Home / Europeana

Europeana

Europeana

Europeana enables people to explore the digital resources of Europe's museums, libraries, archives and audio-visual collections. It promotes discovery and networking opportunities in a multilingual space where users can engage, share in and be inspired by the rich diversity of Europe's cultural and scientific heritage.

Ideas and inspiration can be found within the nearly 20 million items on Europeana. These objects include:

  • Images - paintings, drawings, maps, photos and pictures of museum objects
  • Texts - books, newspapers, letters, diaries and archival papers
  • Sounds - music and spoken word from cylinders, tapes, discs and radio broadcasts
  • Videos - films, newsreels and TV broadcasts

Some items and topics are world famous, like Isaac Newton's book about the Laws of Motion, the drawings of Leonardo da Vinci, Johannes Vermeer's painting of the Girl With A Pearl Earring or objects about the Berlin Wall. Others are hidden treasures, waiting for you to discover them

Around 1500 institutions have contributed to Europeana. Renowned names such as the British Library in London, the Rijksmuseum in Amsterdam and the Louvre in Paris are featured alongside smaller organisations across Europe. Together, their assembled collections allow you to explore Europe's history from ancient times to the modern day.

Europeana always connects you to the original source of the material so you can be sure of its authenticity.

The Europeana service now gives multilingual access to 15 million items from some 1,500 of Europe’s cultural and scientific heritage organisations.
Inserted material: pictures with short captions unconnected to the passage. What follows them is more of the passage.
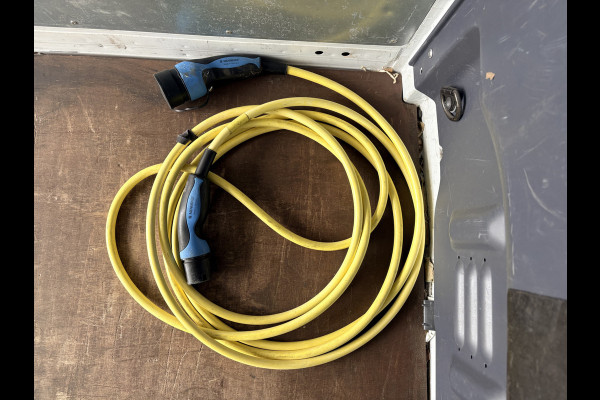 Mercedes-Benz eSprinter eSprinter 312 55kWh L2H2 Elektrisch 145km WLTP 93,7% (SOH) 80kw Snelladen Climate Control Camera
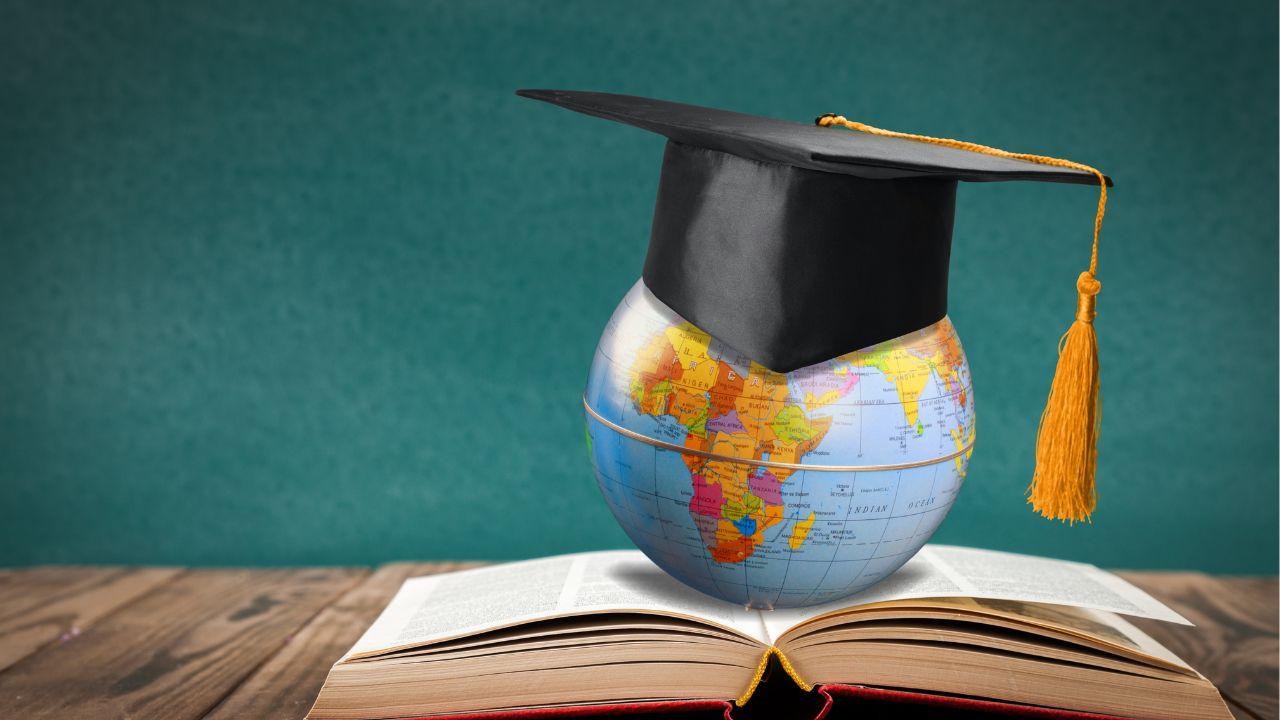 Mahasiswa Dan Persiapan Karier Setelah Lulus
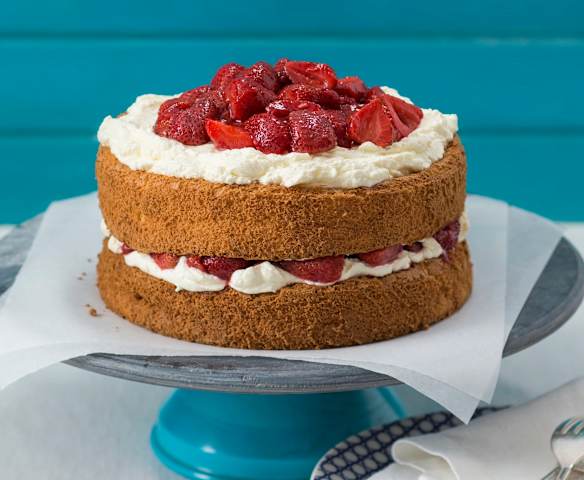 Strawberry champagne cake
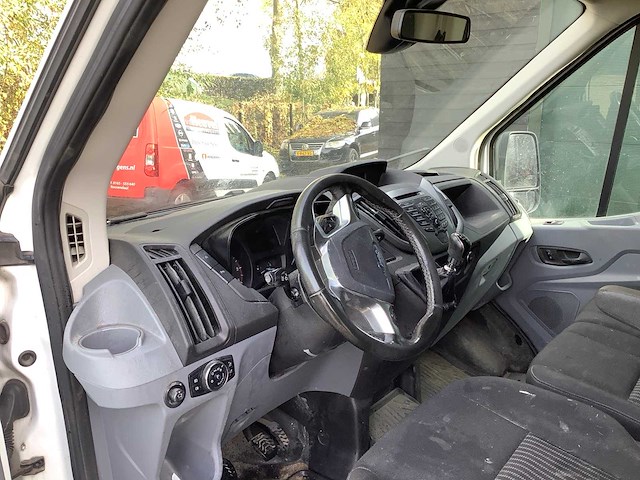 Ford transit bedrijfswagen - afbeelding 4 van  14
See what Europeana is currently working on below:

APIs: we are piloting Application Programming Interfaces – APIs. Our partners and other cultural sites can integrate information from Europeana into their own sites in virtual exhibitions and learning resources. APIs enable us to distribute material directly into the workflow of the user.
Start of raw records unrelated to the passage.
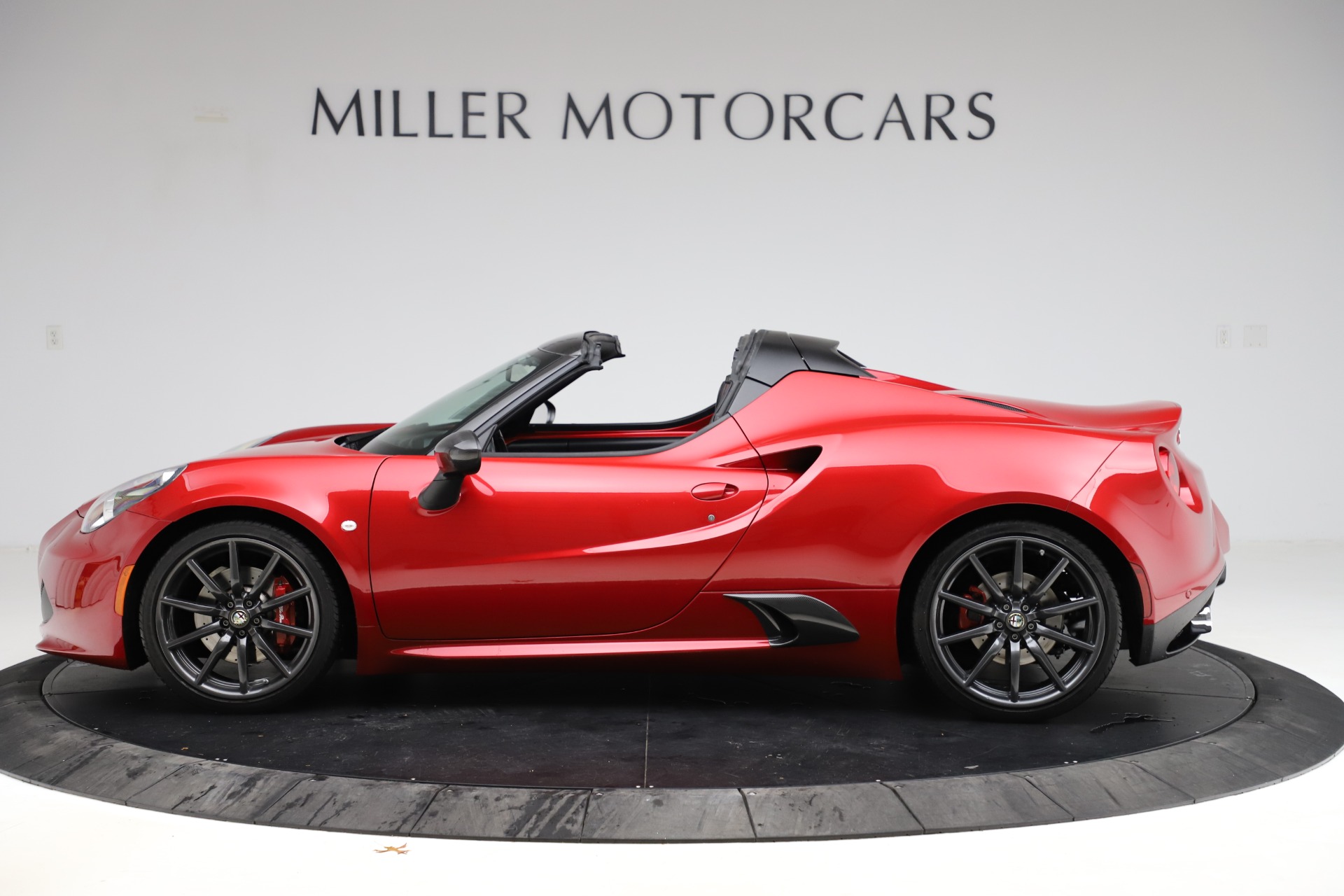 Used-2016-Alfa-Romeo-4C-Spider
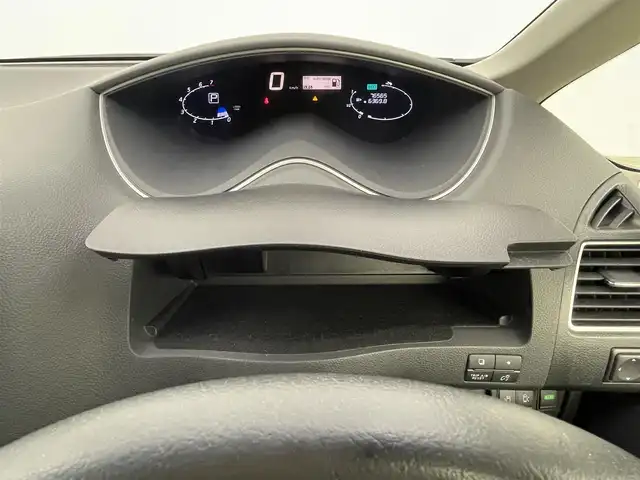 日産 セレナ HWS S HV Vセレ +Sefty 群馬県 2015(平27)年 7.7万km ブリリアントホワイトパール 純正９インチナビ　全方位カメラ　純正フリップダウンモニター　両側パワースライドドア　障害物センサー　クルーズコントロール　横滑り防止　アイドリングストップ　スマートキー　プッシュスタート　禁煙車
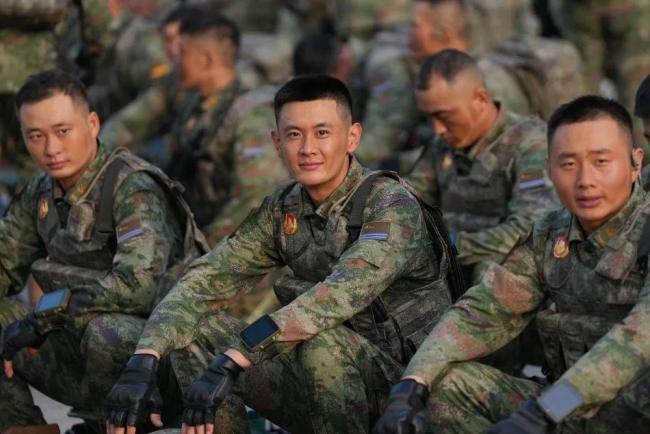 刷屏全網(wǎng)的“最帥兵哥”，是他！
Mobile interface: mobile devices are set to overtake personal computers as the most common web access tools worldwide. We have developed a mobile interface for Europeana, which was launched this summer. The code is available in EuropeanaLabs for further development and refinement by the open source community as new devices come to market.

Data quality: users can only find what they want if the metadata quality is good; they can only link through to the content providers’ websites if the link is persistent, and they can only know what they are allowed to do with the content if rights are clearly identified. These are improvements that we will be pursuing with our content providers in the coming months.
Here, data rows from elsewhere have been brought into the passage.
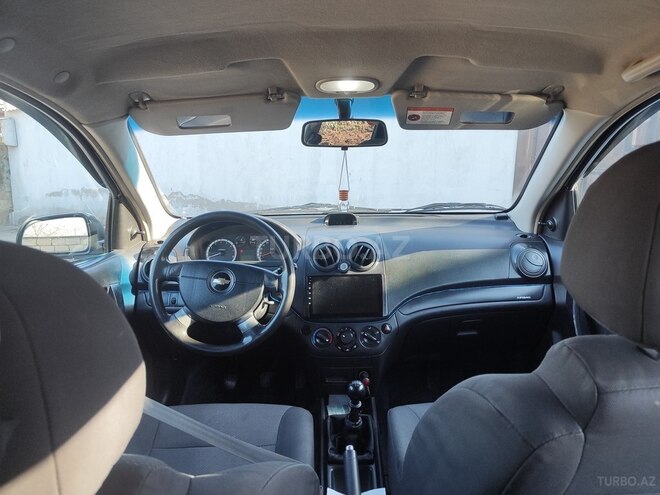 Chevrolet Aveo-4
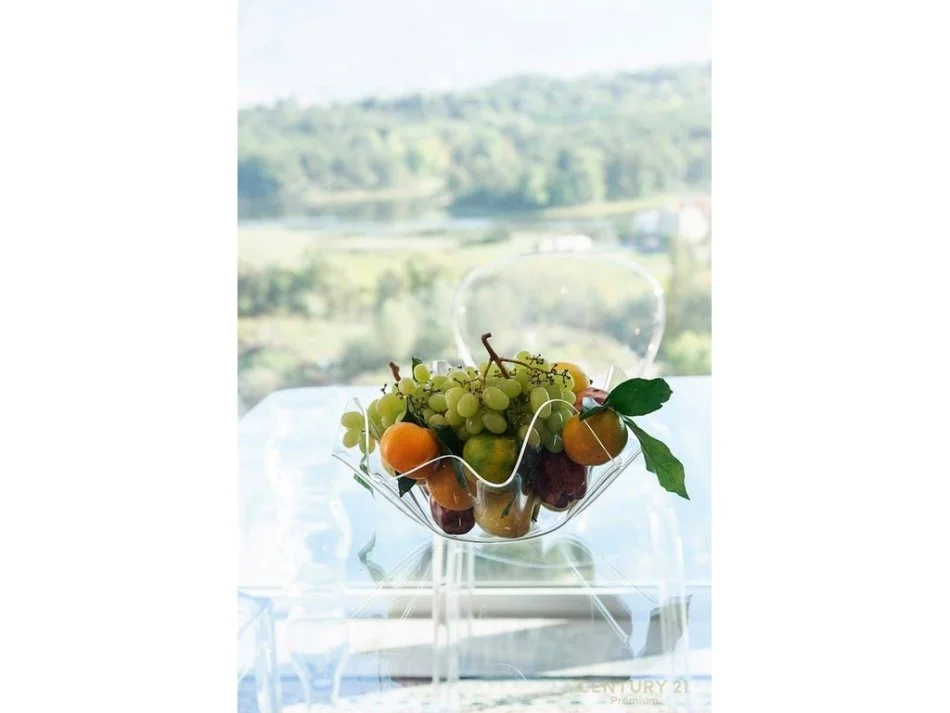 Tirane, jepet me qera apartament 2+1 Kati 6, 203 m² 1.700 € 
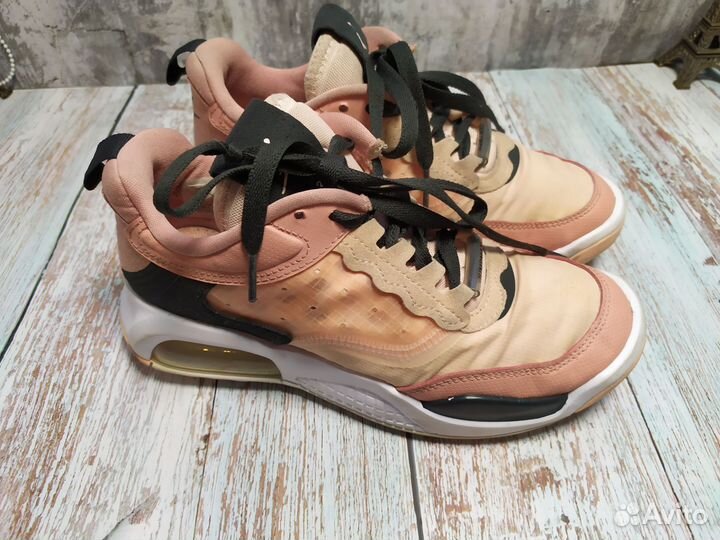 Кроссовки nike air jordan женские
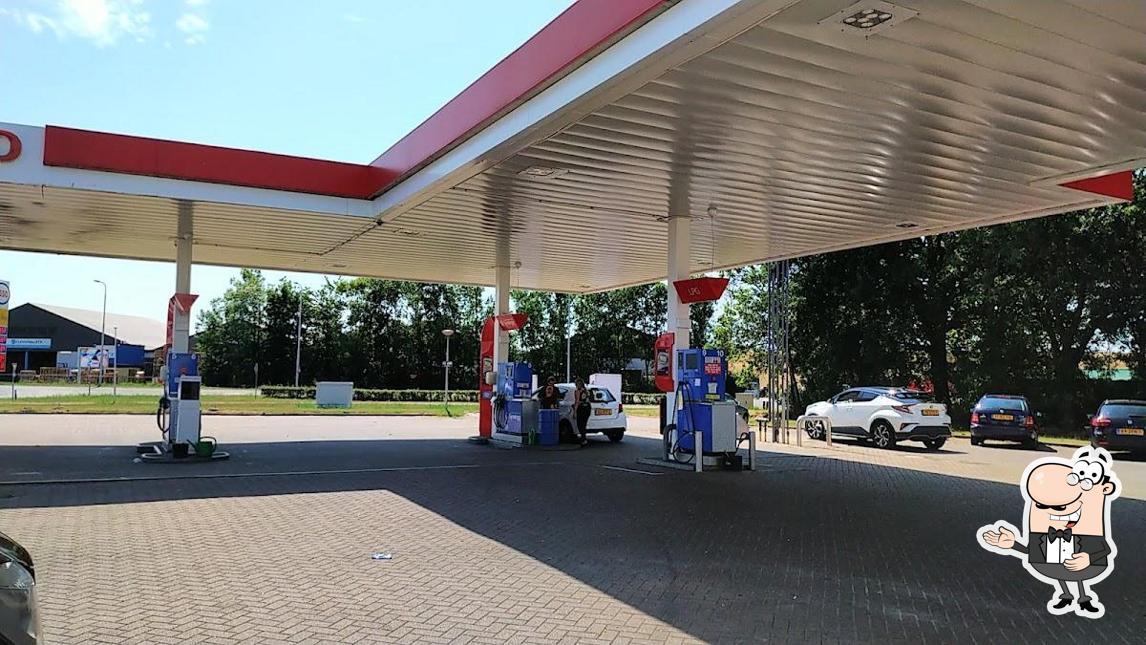 Взгляните на снимок "Tankstation Westwal / Oliehandel G. de Boer"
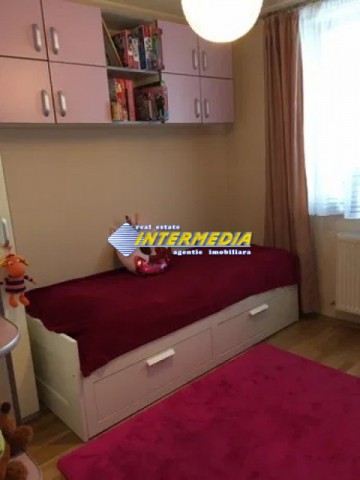 3-camere-decomandat-de-vanzare-bloc-nou-etaj-1-7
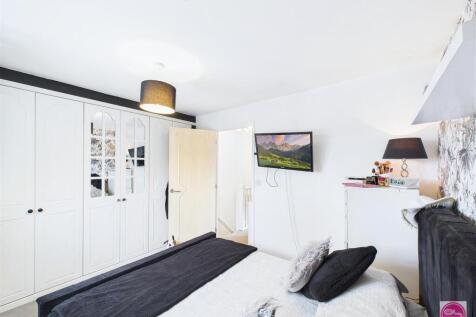 Anchor Close, Swadlincote (29).jpg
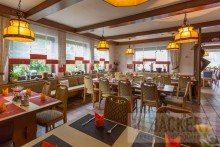 Restaurant Etabliertes Gasthaus mit Fremdenzimmern, Nebengeb�ude und viel Grund sucht Wirtsleute!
EDM – the Europeana Data Model: we have worked with the keepers of the metadata standards and experts in all domains, and are now prototyping the new data model. EDM is compatible with all the professional standards but is far richer than Europeana’s existing model.

Semantic web: EDM will facilitate developments with linked open data. The massive, authoritative metadata index at the heart of Europeana’s service is a unique resource for use in experimental applications. Europeana is keen to further research in this field; we believe it will open up knowledge in new ways for all levels of user.

EuropeanaLabs: our code base is all open source and is made freely available on the EuropeanaLabs site. A community of developers from the Europeana group of projects tests, reviews and refines each other’s code. We encourage innovation and the development of new applications and services.

ThoughtLab: a public space on the Europeana.eu portal where we showcase and test the best ideas, tools and resources that are coming out of the Europeana group of projects. Users and partners try out the ideas and submit feedback. We welcome the participation of new initiatives.

The Public Domain: we published the Public Domain Charter to clarify the legal issues around digitisation of out-of-copyright material, and to encourage content holders to support the shared resource that is the public domain. We are launching the Public Domain Mark with Creative Commons to facilitate the display of clear rights status on all content. We have written Public Domain Usage Guidelines to help all our users understand their rights and responsibilities.

Virtual exhibitions: a new level of interpretation and context is added to Europeana’s content when curatorial expertise is applied to it. Europe’s art and literature are celebrated in our first exhibitions: Reshaping Art Nouveau and Reading Europe introduce users to a rich and shared heritage drawn from every corner of the continent.

The European information space: Europeana operates within a network of national portals, domain aggregators and commercial content providers. All of these integrate digital resources and add value specific to different types of user, including professional researchers, students at all levels, lifelong learners and expert amateurs. Europeana will support and strengthen this network with the objective of helping the user get the information they need, when and how they want it.